### Your instructions
A word-for-word copy of the data, with no images, is the required answer.

[Provided entries — start]

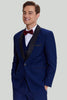 Load image into Gallery viewer, Men&#39;s Navy 3-piece One Button Slim Fit Formal Suits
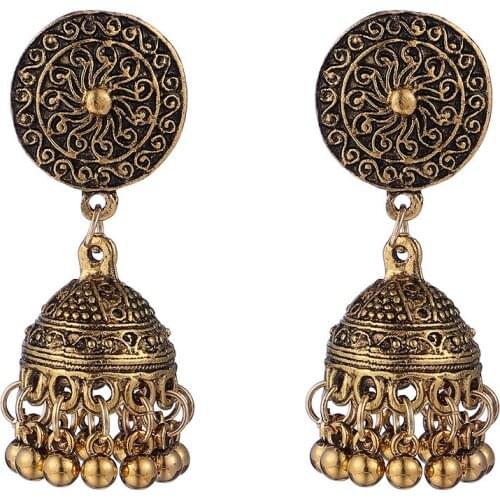 2021 Ethnic Women Silver Color Bells Indian Jewelry Gypsy Drop Earrings Vintage Tribe Tassel Jhumka Party Jewelry Gift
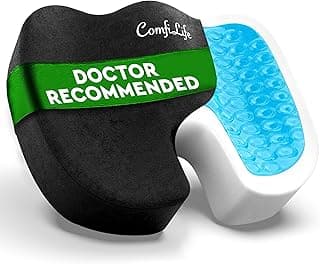 Almofada de assento ComfiLife com gel e espuma viscoelástica, recomendada por médicos, para alívio da dor no cóccix em cadeiras de escritório e carros.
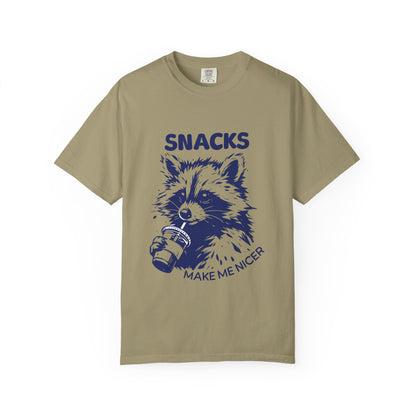 Snacks Make Me Nicer T-Shirt — Raccoon Holding Snack Graphic Tee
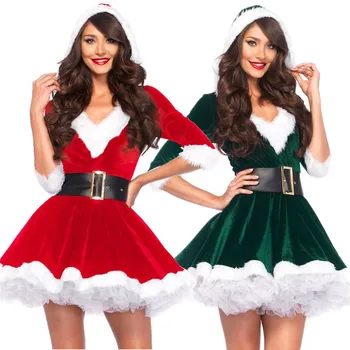 Nové Módne Ženy Vianoce s Kapucňou, Santa Claus Šaty s Pásom Zhonu Fantázie Vianočný Kostým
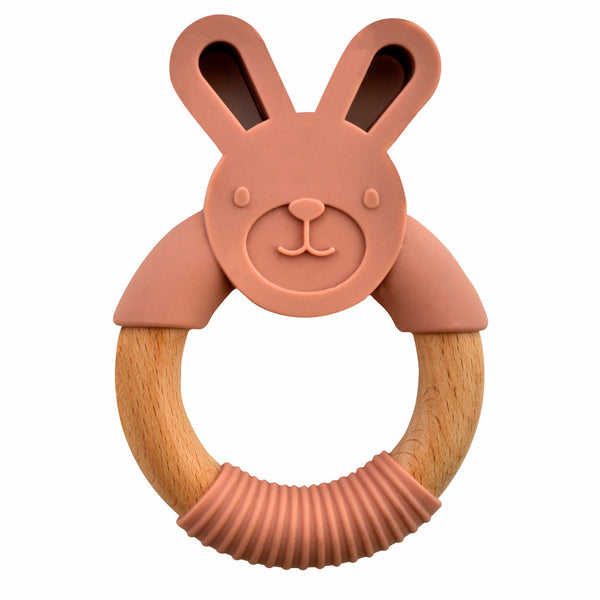 kaisercraft Baby Silicone Animal Teething Ring - Pink Bunny
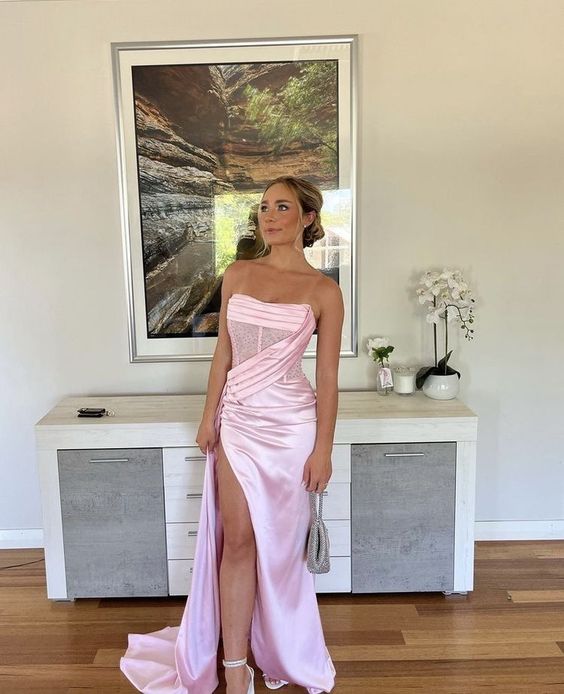 Sexy Birthday Dresses Pink Strapless Prom Dresses Slit Birthday Outfits P367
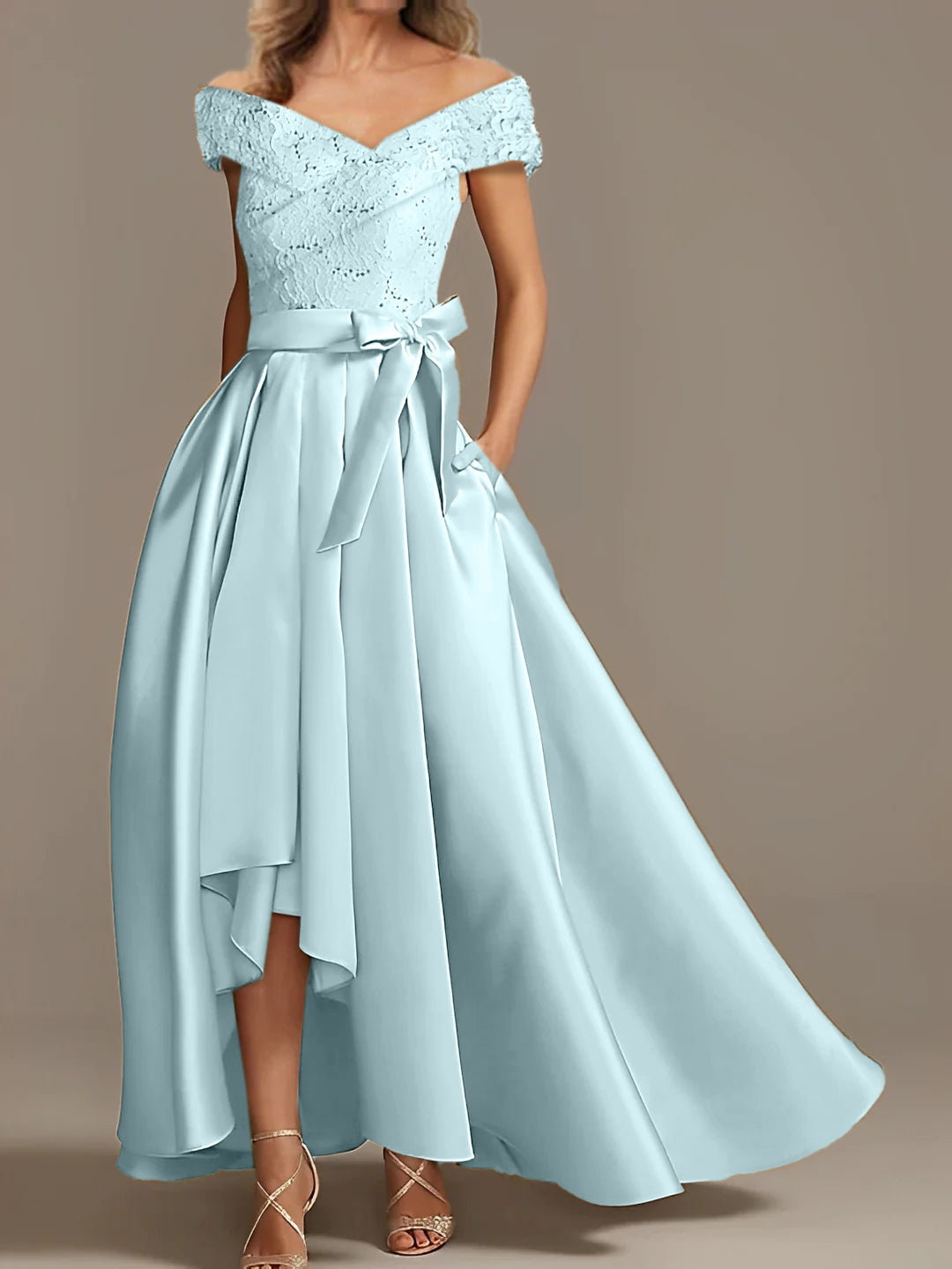 Off-the-Shoulder Asymmetrical A-Line Mother of the Bride Dresses with Ruffles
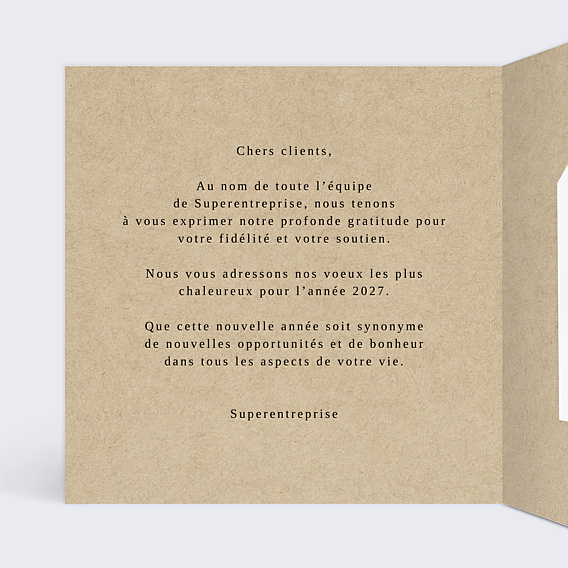 Carte de Voeux Entreprise Montagne kraft avec graines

[Provided entries — finish]

### Result for this exercise
 Load image into Gallery viewer, Men&#39;s Navy 3-piece One Button Slim Fit Formal Suits
 2021 Ethnic Women Silver Color Bells Indian Jewelry Gypsy Drop Earrings Vintage Tribe Tassel Jhumka Party Jewelry Gift
 Almofada de assento ComfiLife com gel e espuma viscoelástica, recomendada por médicos, para alívio da dor no cóccix em cadeiras de escritório e carros.
 Snacks Make Me Nicer T-Shirt — Raccoon Holding Snack Graphic Tee
 Nové Módne Ženy Vianoce s Kapucňou, Santa Claus Šaty s Pásom Zhonu Fantázie Vianočný Kostým
 kaisercraft Baby Silicone Animal Teething Ring - Pink Bunny
 Sexy Birthday Dresses Pink Strapless Prom Dresses Slit Birthday Outfits P367
 Off-the-Shoulder Asymmetrical A-Line Mother of the Bride Dresses with Ruffles
 Carte de Voeux Entreprise Montagne kraft avec graines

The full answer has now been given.